To All the Romcoms I’ve Watched, and Read, Before.

Michelle Udoh
Vital World Online
Published in
3 min readFeb 14, 2021

As the eldest daughter of a Nigerian household, it became abundantly clear that the only romance I could experience during my school years was the sexual tension between me and getting straight A’s. So I obediently buried my head in my textbooks, nervously scuttling away from the many secondary school crushes I had. Still, my imagination made sure that I did not miss out completely. Inspired by the YA fiction books I used to smuggle into my Maths class, I conjured up a world where cheesy romance tropes were the lingua franca.

The love I received in my world shone ardently, in hues of blazing orange and sweltering amber. I bathed in its warm embrace on bus journeys when I daydreamed about the love of my life taking the vacant seat next to me and striking up a conversation with his future wife (me. I was his future wife). Goodness, not a comma in sight and how apt.
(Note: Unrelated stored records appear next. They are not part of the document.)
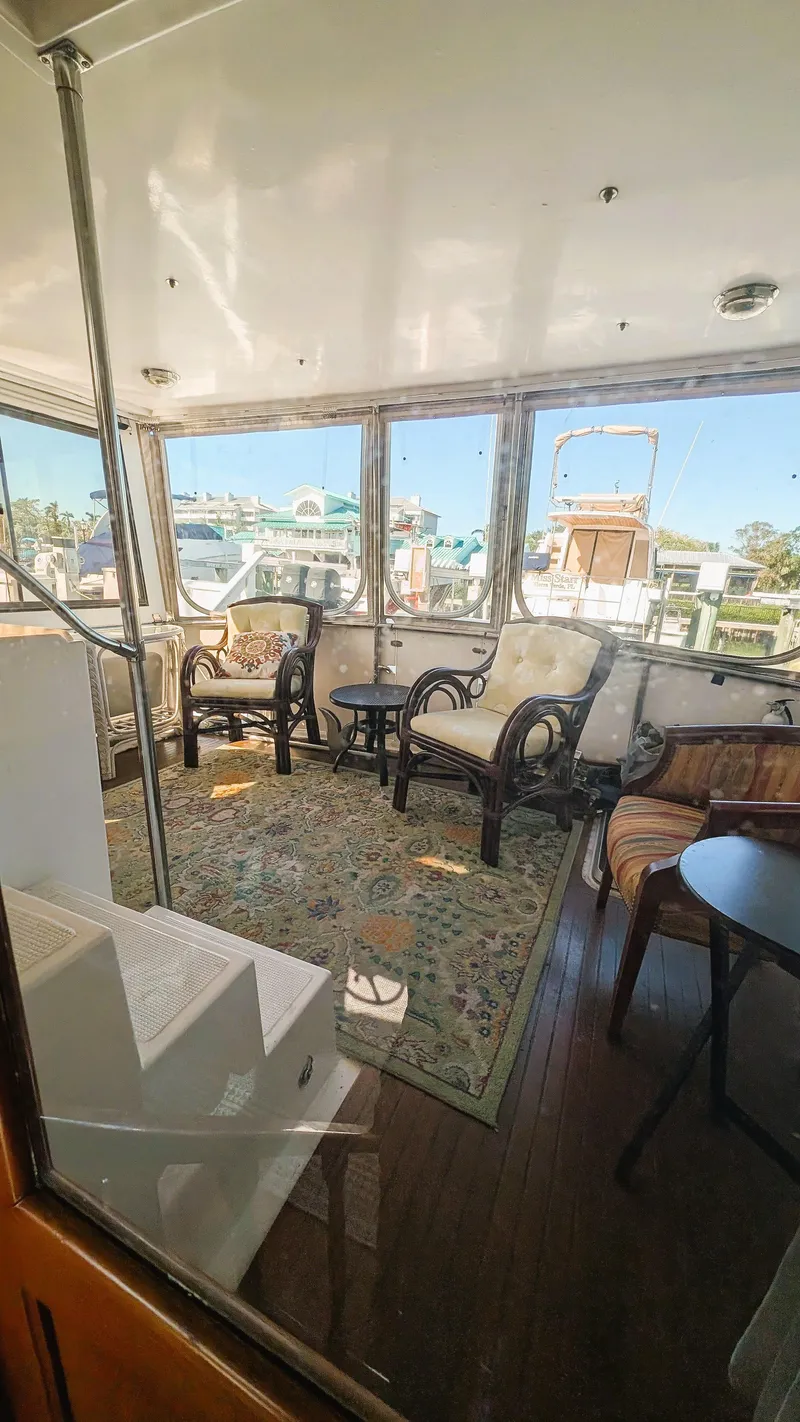 Slide: The Image of 1986 Heritage East 40 Sundeck interior with elegant seating and large windows. - 38
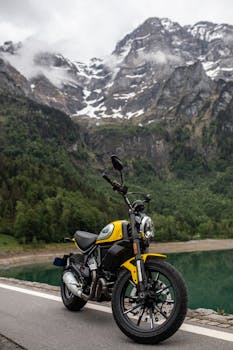 A yellow motorbike parked near a serene mountain lake with stunning alpine scenery.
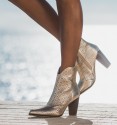 Gold heeled ankle boots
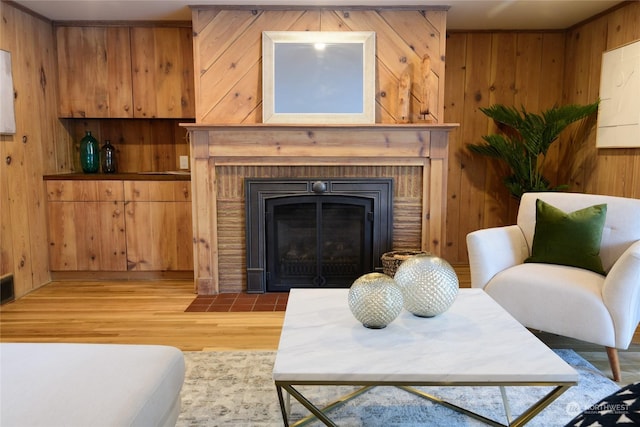 living room featuring a brick fireplace, wooden walls, and light hardwood / wood-style flooring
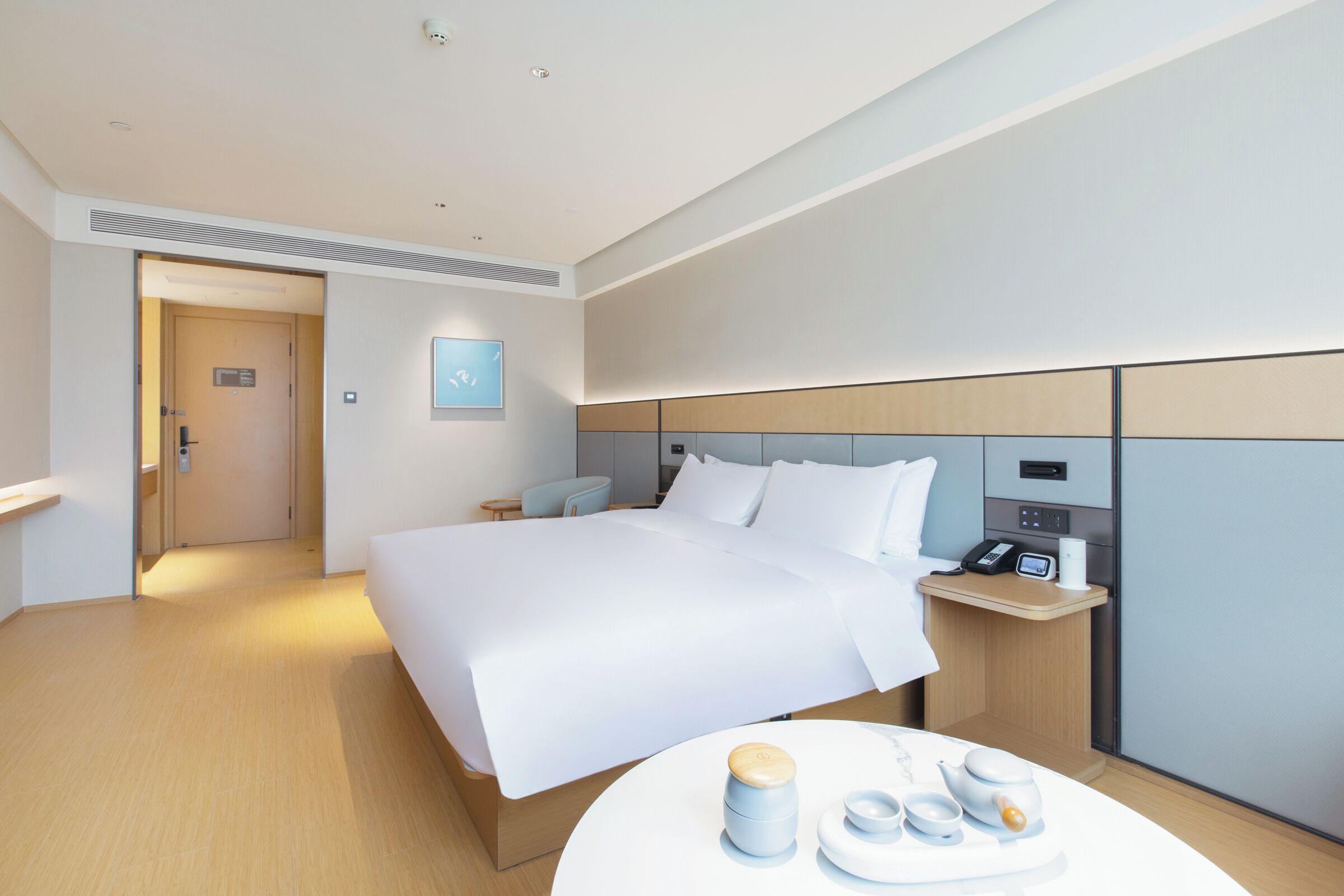 Una habitació d'hotel moderna amb un llit gran, una taula de nit i una taula rodona petita amb una bandeja de te i caragols de llet.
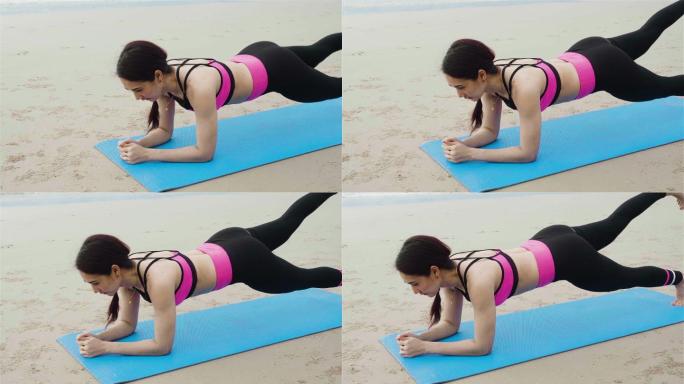 在瑜伽垫上做瑜伽板姿势的女人。早上，亚洲女性在海天多云的海滩上穿着运动服。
I want to convey that I did not pause to breathe, in this world. I just basked and basked. My skin soaked up love’s radiance during 5-hour church services, as I imagined my science class crush professing his undying love for me; confessions sandwiched between congregational cries of “amen” and “hallelujah”. My fantasies grew with each book I read. I continued to build a universe where I became the embodiment of love itself.

Do you see it? Unlike the playground (which turned into the sixth-form canteen in later years), I didn’t feel rejected or undesirable in my world. Re-imaging myself as the beloved protagonist in the books I adored provided a means to temporarily escape my cloak of invisibility at school and my overwhelming responsibility at home. Between those two places, my love story began and ended with(in) me. So while everyone around me was experiencing their first kisses, first romances and first heartbreaks, I was busy bumping into guys, dropping my books and locking eyes as we both went down to pick them up. All in my head, of course.
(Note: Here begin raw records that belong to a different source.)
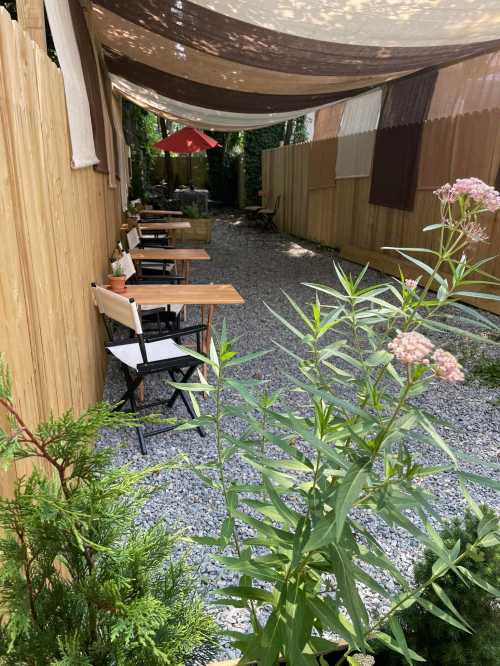 A serene outdoor café space with wooden tables, chairs, and greenery, shaded by fabric canopies.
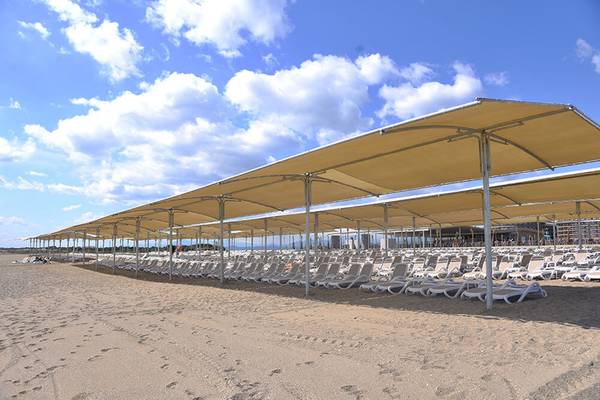 Reihen von Sonnenliegen unter Sonnenschutz am Strand des Sunmelia Beach Resort Hotel & Spa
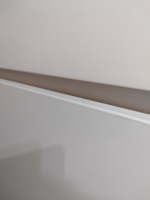 Boucle de fixation pour plafond à clipser de type G avec design moderne pour les espaces commerciaux et résidentiels, idéale pour les centres commerciaux, les hôtels et les ateliers.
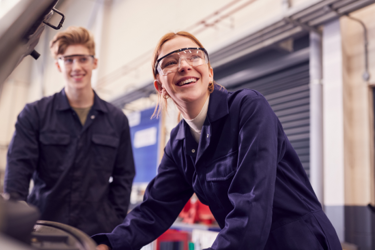 Two young people in overalls and goggles smile at work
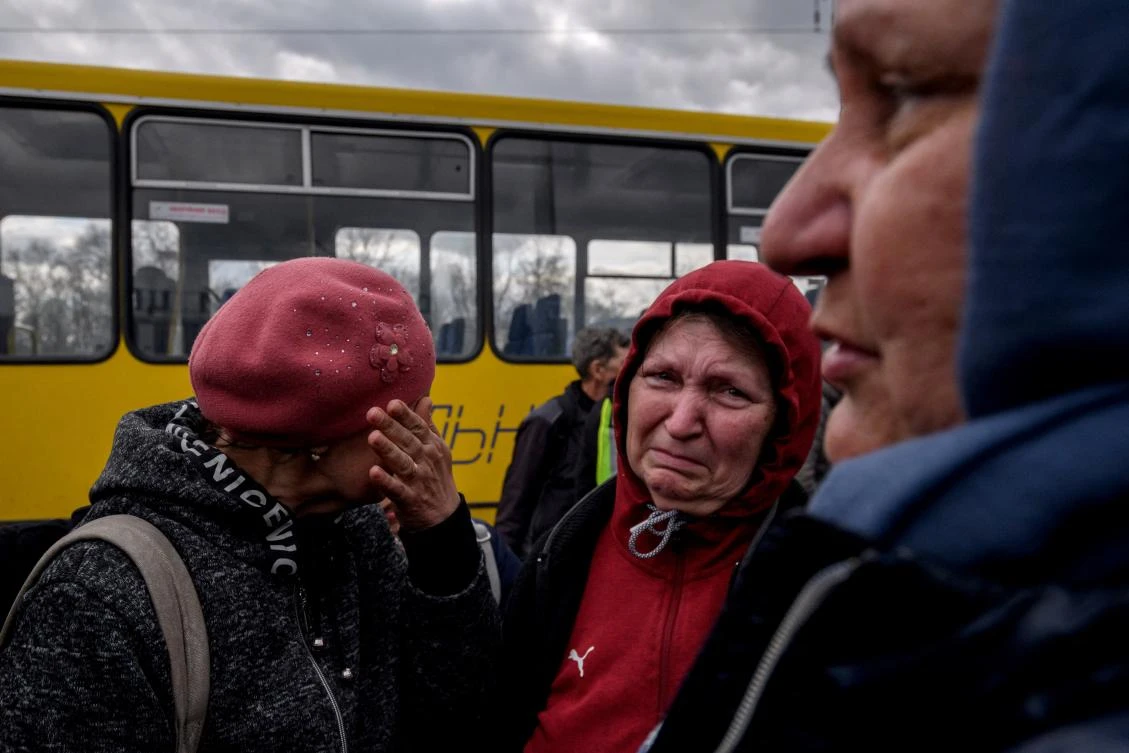 People fleeing fighting in the southern city of Mariupol meet with relatives and friends as they arrive in a small convoy that crossed through territory held by Russian forces. (File/AFP)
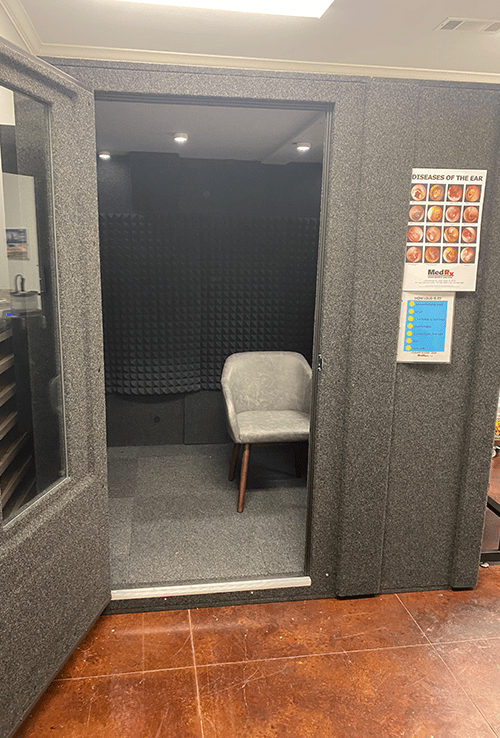 A WhisperRoom Audiology Deluxe Package is shown with the door open inside of an audiologist's office.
Looking back, I realise that I loved romcoms because they allowed me to become familiar with unfamiliar notions of love. At 16, I saw my painfully introverted self in Issa Rae’s Awkward Black Girl; I watched as she navigated romantic situations with relatable and endearing unease. At 18, when I began to come to terms with the trauma that permeated my upbringing, I found comfort in the beautiful intergenerational intimacy that Jane the Virgin depicted. And at 21, when I (finally) experienced the romantic turmoil and distress that shattered the hearts of my favourite protagonists, I cried. I cried until I found the strength to pick myself up and keep going, just like my heroines.

I think a lot of people appreciate romcoms because they teach us that whatever happens, love is inevitable. It’s there, even when your sister accidentally sends letters to your childhood crushes, or when you wake up the next day as the princess of Genovia. It’s there in the friendships you make, in the prayers you whisper at night, in the discovery and growth of self. Love is everything, and everything is love.

So as I spend this year’s Valentine’s Day single, in the middle of a global pandemic, and with a Netflix marathon awaiting me, I fill up my glass with Echo Falls, and I raise it. To all the romcoms I have watched, and read, before.